## Requirement
For this exercise, retype all the data exactly and exclude every image.

Stored records:
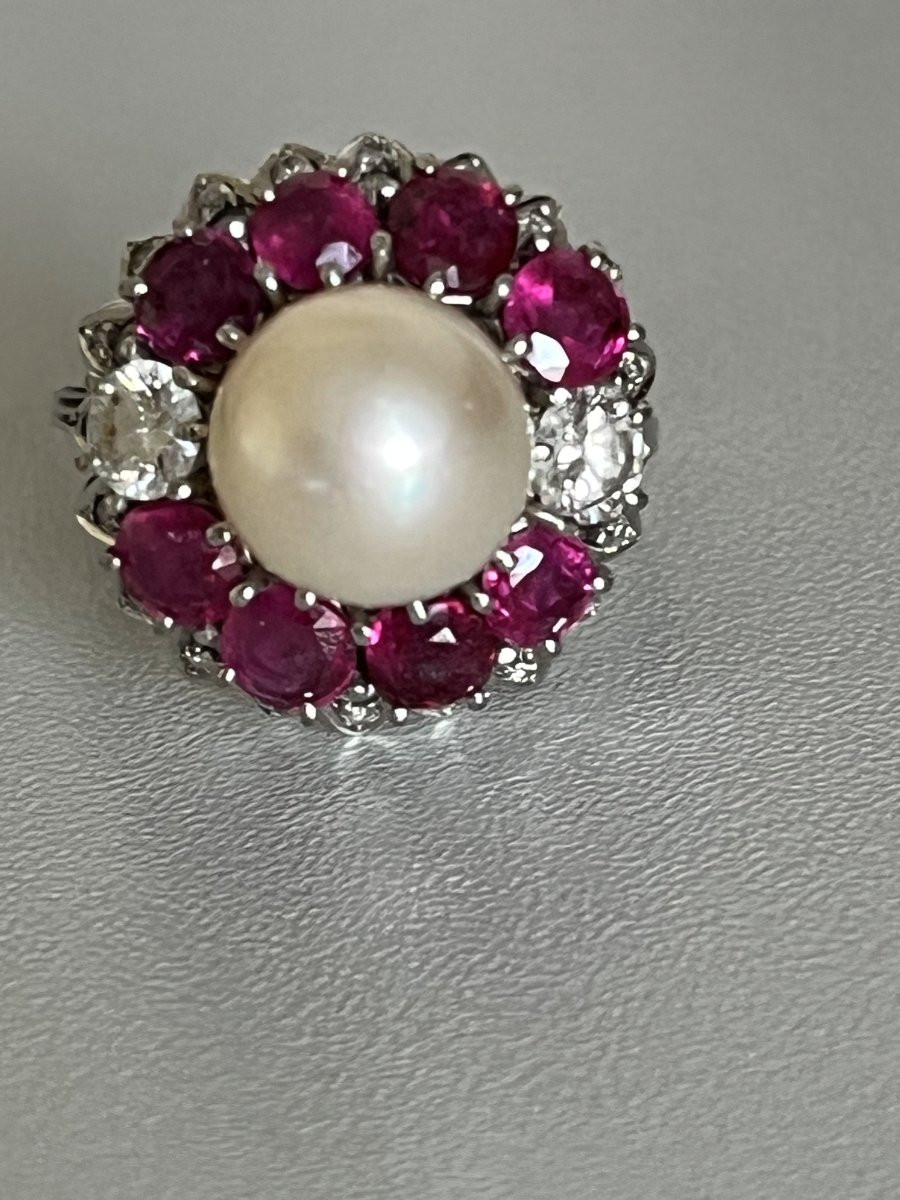 7105 - Vintage Ring In White Gold With Pearl, Ruby, And Diamonds-photo-4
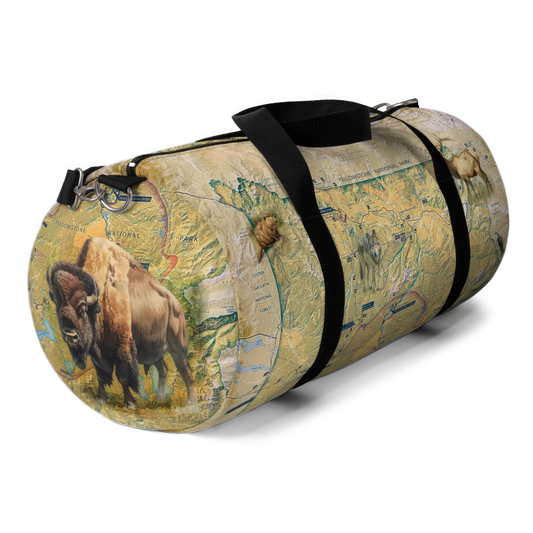 YELLOWSTONE NATIONAL PARK Duffel Bag  - Vintage Map with Wildlife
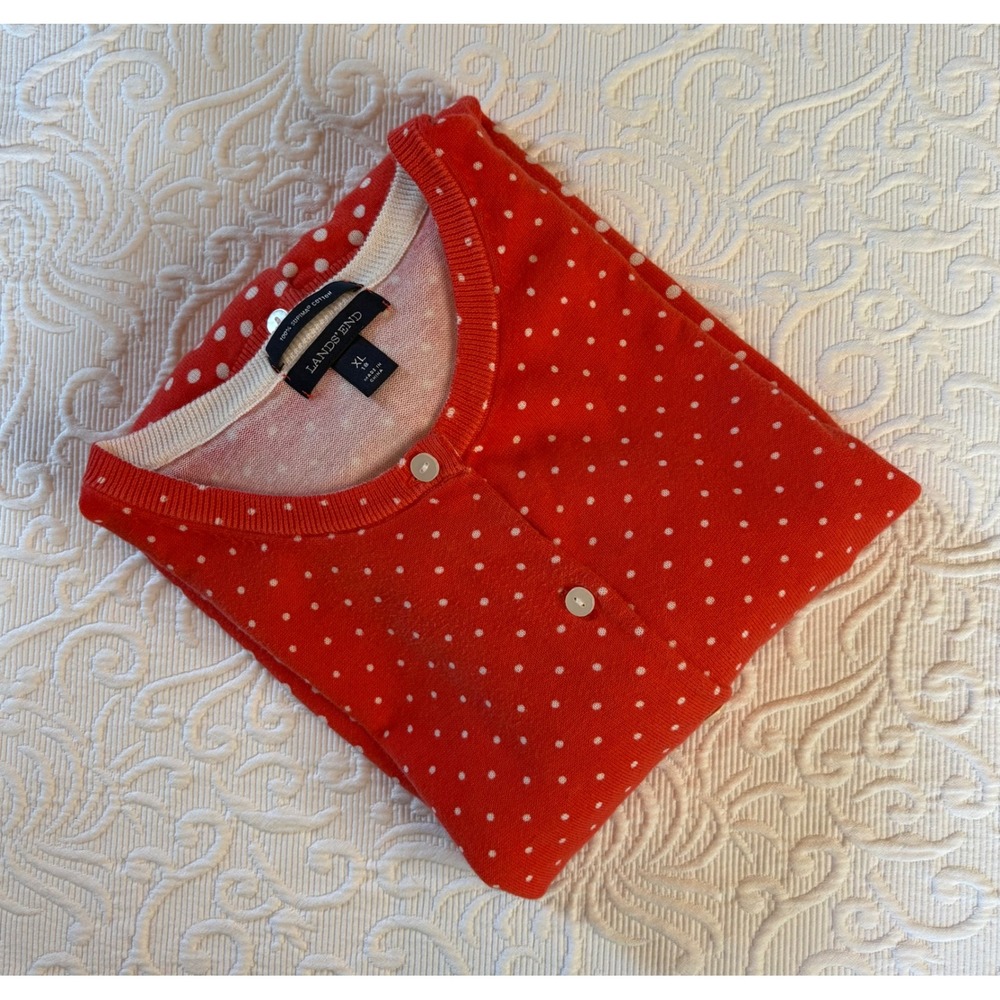 Lands End Polka Supima Cotton Cardigan Sweater Orange Desert Dot Women XL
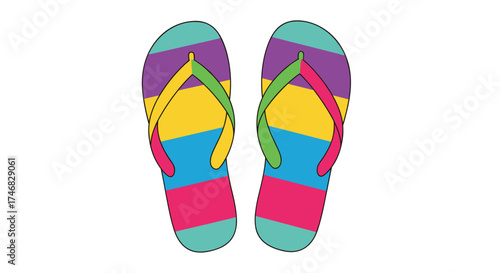 Colorful striped flip flops for summer beach days.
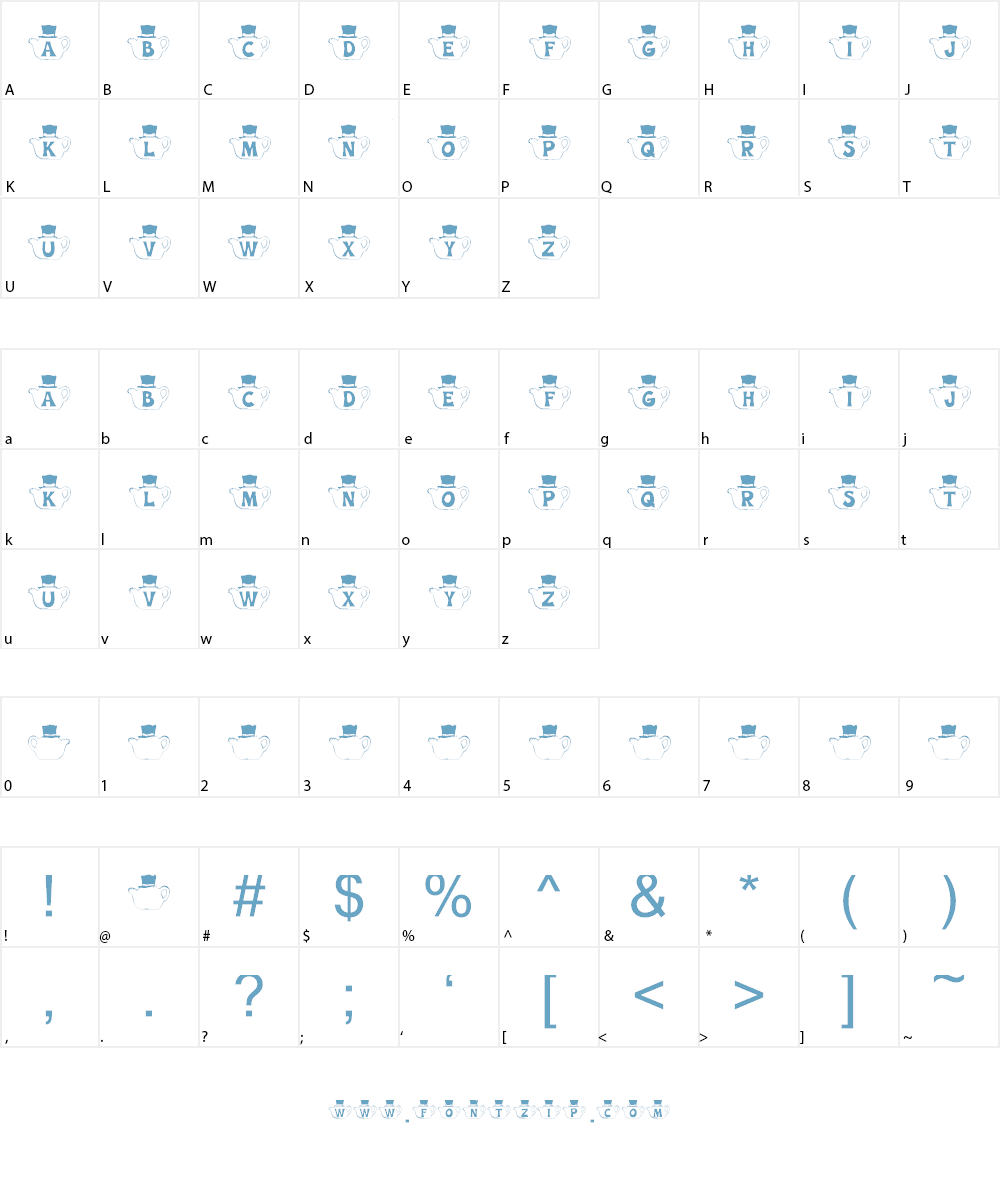 KR Mad Tea Party Font Character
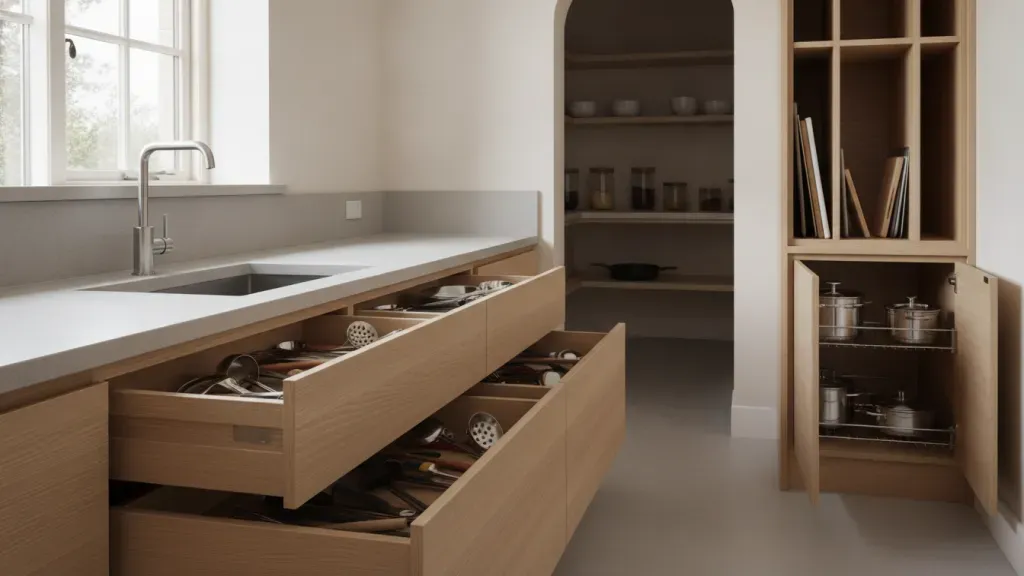 Kitchen cabinet organization arranged into prep, cooking, and pantry zones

## Answer to the exercise
 7105 - Vintage Ring In White Gold With Pearl, Ruby, And Diamonds-photo-4
 YELLOWSTONE NATIONAL PARK Duffel Bag  - Vintage Map with Wildlife
 Lands End Polka Supima Cotton Cardigan Sweater Orange Desert Dot Women XL
 Colorful striped flip flops for summer beach days.
 KR Mad Tea Party Font Character
 Kitchen cabinet organization arranged into prep, cooking, and pantry zones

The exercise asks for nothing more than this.